The camp organizers closely cooperate with protests across the country, some of which had escalated after police intervention and property damage was reported. The most notable example of a protest that led to police intervention took place in Amsterdam just days before the encampment in Groningen started. At the protest at the University of Amsterdam, student activists expressed the same demands, but the protests did not remain peaceful and led to the arrest of 120 protesters as violence broke out. This reflects concerns over the safety of protesters and the fear of getting arrested or expelled, which is why many protestors in Groningen have chosen to cover their faces.

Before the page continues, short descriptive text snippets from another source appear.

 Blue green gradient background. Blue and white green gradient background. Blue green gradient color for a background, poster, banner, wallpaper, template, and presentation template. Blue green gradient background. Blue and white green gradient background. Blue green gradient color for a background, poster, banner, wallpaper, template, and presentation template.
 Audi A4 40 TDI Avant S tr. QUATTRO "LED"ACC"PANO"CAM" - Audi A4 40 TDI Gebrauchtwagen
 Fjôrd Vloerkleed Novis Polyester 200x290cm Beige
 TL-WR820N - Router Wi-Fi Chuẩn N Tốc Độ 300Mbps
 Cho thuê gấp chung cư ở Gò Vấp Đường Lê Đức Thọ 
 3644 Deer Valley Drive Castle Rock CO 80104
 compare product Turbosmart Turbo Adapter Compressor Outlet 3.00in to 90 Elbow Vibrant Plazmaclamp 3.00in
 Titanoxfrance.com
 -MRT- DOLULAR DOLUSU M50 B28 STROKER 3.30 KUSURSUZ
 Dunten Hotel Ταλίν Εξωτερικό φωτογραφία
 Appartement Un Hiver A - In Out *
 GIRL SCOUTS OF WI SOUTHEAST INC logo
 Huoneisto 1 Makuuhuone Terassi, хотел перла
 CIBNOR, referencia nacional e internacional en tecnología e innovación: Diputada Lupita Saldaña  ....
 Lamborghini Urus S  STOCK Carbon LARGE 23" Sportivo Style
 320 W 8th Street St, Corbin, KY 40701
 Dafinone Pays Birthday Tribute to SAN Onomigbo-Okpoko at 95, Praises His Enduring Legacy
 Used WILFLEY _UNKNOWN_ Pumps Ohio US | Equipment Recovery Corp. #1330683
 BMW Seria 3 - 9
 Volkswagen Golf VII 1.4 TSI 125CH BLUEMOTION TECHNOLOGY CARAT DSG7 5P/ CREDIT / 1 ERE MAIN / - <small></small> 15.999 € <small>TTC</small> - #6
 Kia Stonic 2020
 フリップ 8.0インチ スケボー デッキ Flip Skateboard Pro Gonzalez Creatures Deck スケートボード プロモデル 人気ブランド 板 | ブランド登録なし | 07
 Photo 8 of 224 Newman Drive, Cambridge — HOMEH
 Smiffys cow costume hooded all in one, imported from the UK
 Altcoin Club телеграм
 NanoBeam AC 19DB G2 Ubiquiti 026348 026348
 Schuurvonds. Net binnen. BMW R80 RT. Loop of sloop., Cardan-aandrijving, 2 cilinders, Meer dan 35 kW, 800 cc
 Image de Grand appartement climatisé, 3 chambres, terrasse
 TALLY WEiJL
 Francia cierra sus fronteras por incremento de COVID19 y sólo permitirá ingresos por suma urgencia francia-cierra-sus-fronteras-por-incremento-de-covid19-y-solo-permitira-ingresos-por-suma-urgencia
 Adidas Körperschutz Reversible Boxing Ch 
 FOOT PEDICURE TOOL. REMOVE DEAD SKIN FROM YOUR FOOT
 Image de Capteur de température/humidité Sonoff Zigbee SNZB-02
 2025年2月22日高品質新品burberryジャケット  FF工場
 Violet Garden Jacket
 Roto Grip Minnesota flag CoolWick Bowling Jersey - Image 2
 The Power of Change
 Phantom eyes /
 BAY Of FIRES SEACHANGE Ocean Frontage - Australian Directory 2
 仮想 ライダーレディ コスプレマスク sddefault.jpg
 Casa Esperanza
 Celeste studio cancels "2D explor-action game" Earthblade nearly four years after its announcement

The assigned media spokesperson of the encampment emphasized in an interview with JURIST that this was a last resort for students to ensure their voices were heard. It is the result of months-long research into the university’s ties to Israeli companies and universities. The organizers initially tried to host several events within university facilities, however according to the encampment’s spokesperson they were canceled for ‘bureaucratic reasons’ at the ‘last minute’, which in the eyes of the encampment amounts to ‘censorship’. This supposedly shows a double standard when compared to how pro-Ukraine protests and events were treated by the University board, which as a reaction had cut all ties to Russian educational institutions last year. Moreover, the media spokesperson strongly condemned the violence in Amsterdam and did not take the peaceful nature of Groningen’s protest for granted ─ at the time of our interview, only one protestor had been arrested after an altercation with a bypasser during the night. According to the University newspaper, the following night a group of youths also harassed the protesters. Upon request of the University to keep the protest safe, the encampment includes an emergency exit, so everyone can leave in case of a potentially dangerous situation as has been seen in other Dutch cities.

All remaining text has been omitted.